▶ **What you should do**
Transcribe all records exactly; omit pictures.

▶ **Entries supplied**
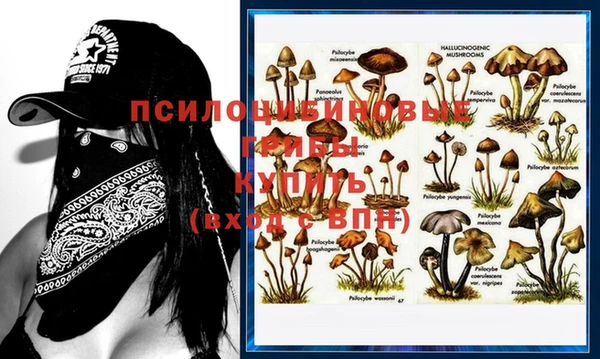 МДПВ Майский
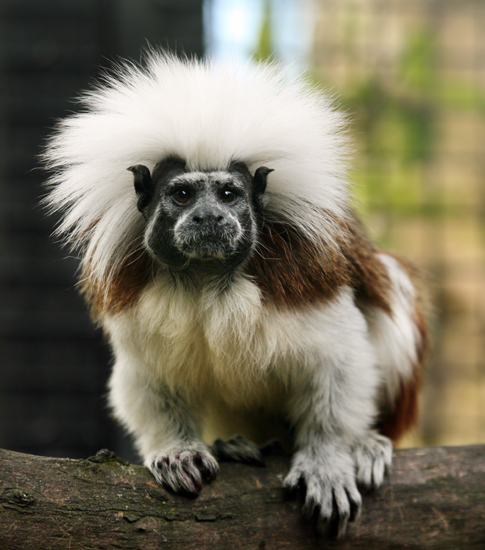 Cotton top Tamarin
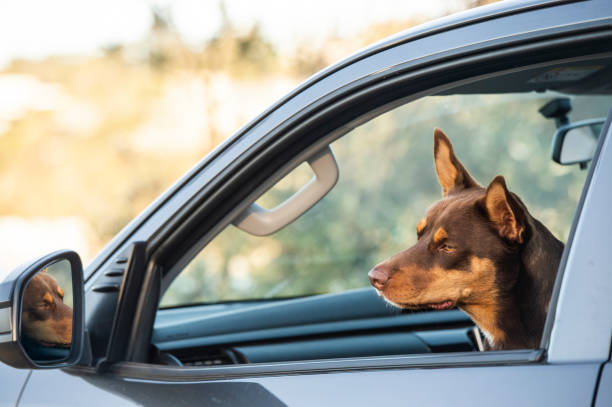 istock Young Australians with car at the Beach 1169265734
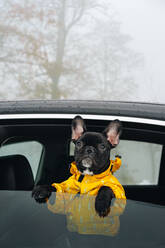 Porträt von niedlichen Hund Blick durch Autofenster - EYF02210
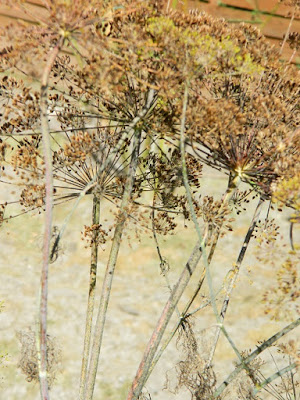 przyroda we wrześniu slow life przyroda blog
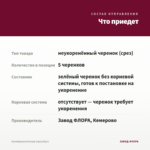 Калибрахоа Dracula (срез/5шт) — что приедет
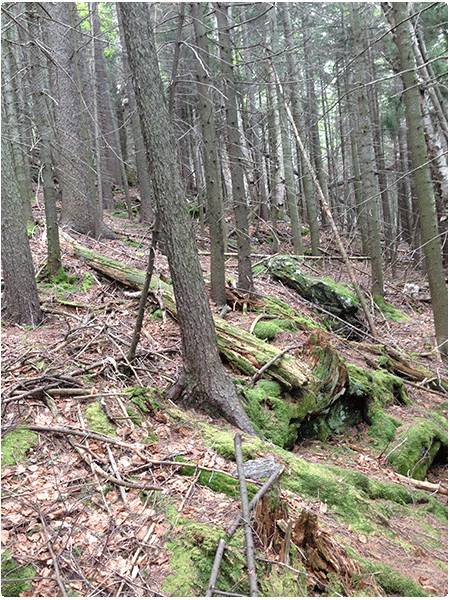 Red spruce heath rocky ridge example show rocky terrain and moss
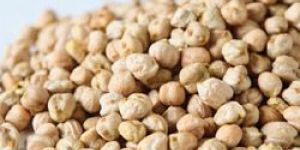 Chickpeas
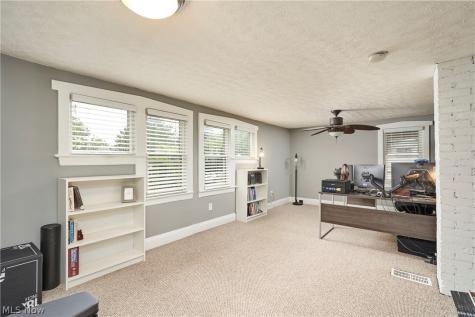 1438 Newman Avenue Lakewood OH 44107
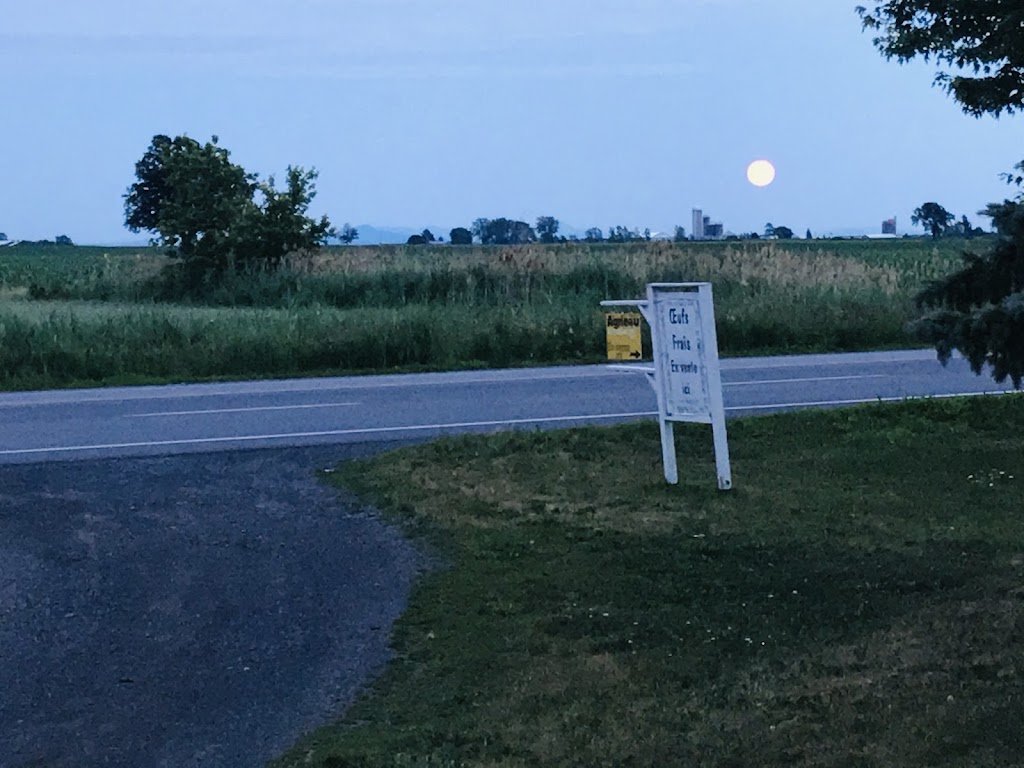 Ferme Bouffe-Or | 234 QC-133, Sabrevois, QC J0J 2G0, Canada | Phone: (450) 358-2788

▶ **Problem solution**
 МДПВ Майский
 Cotton top Tamarin
 istock Young Australians with car at the Beach 1169265734
 Porträt von niedlichen Hund Blick durch Autofenster - EYF02210
 przyroda we wrześniu slow life przyroda blog
 Калибрахоа Dracula (срез/5шт) — что приедет
 Red spruce heath rocky ridge example show rocky terrain and moss
 Chickpeas
 1438 Newman Avenue Lakewood OH 44107
 Ferme Bouffe-Or | 234 QC-133, Sabrevois, QC J0J 2G0, Canada | Phone: (450) 358-2788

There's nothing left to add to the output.